» **DATA SUPPLIED**:
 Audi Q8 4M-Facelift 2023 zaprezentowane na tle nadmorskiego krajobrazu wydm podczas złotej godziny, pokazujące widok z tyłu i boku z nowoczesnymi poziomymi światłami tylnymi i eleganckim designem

---

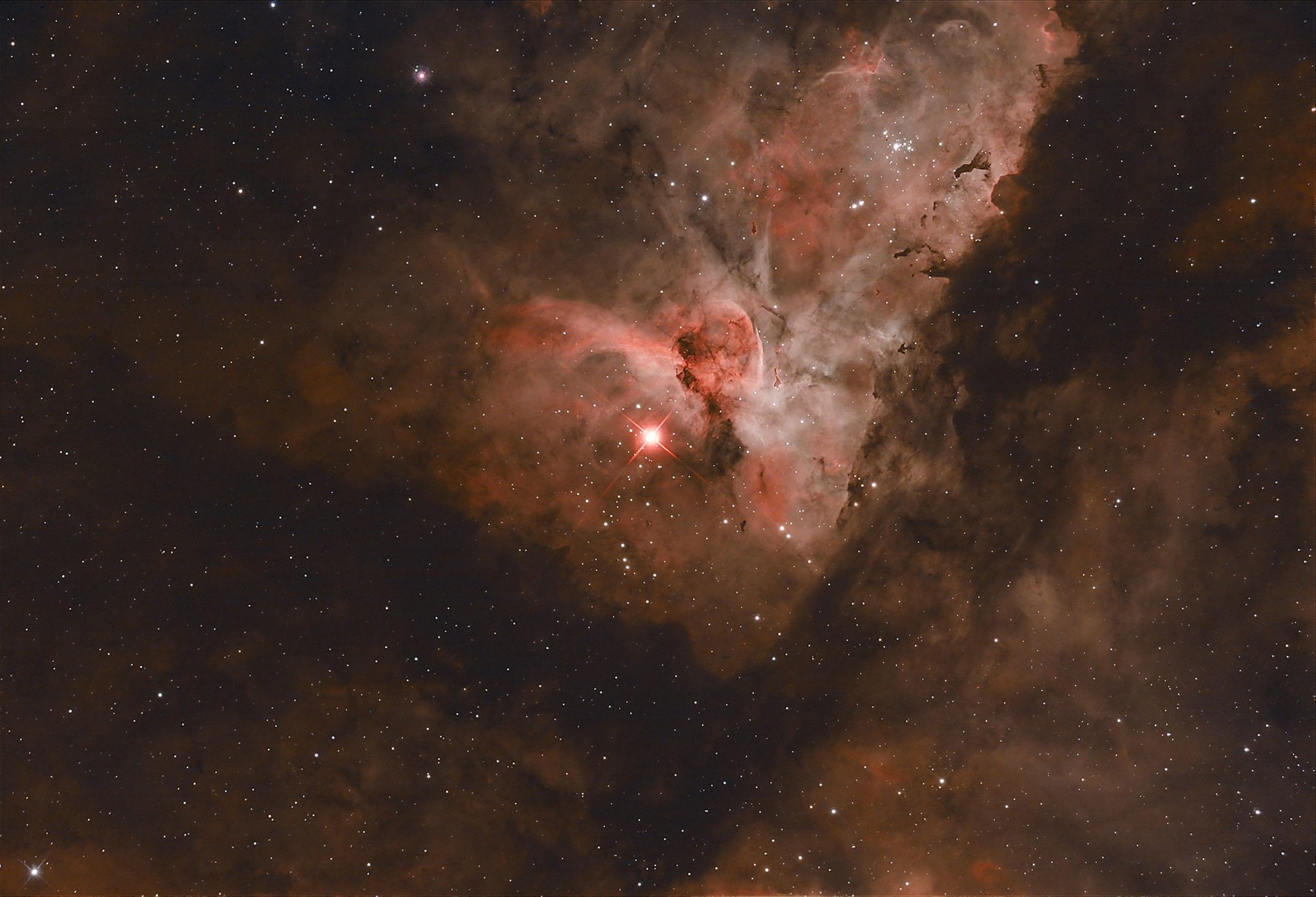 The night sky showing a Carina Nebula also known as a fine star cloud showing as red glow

==

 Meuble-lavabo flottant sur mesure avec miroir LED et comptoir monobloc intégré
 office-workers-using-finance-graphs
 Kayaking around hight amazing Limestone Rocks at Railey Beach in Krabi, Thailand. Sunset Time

» **WHAT NEEDS TO BE DONE**: Of the entries above, transcribe exactly those lines that fall between the line containing "Meuble-lavabo flottant sur" and the line containing "Kayaking around hight", together with those two lines.

» **OUTPUT FOR THIS EXERCISE**:
 Meuble-lavabo flottant sur mesure avec miroir LED et comptoir monobloc intégré
 office-workers-using-finance-graphs
 Kayaking around hight amazing Limestone Rocks at Railey Beach in Krabi, Thailand. Sunset Time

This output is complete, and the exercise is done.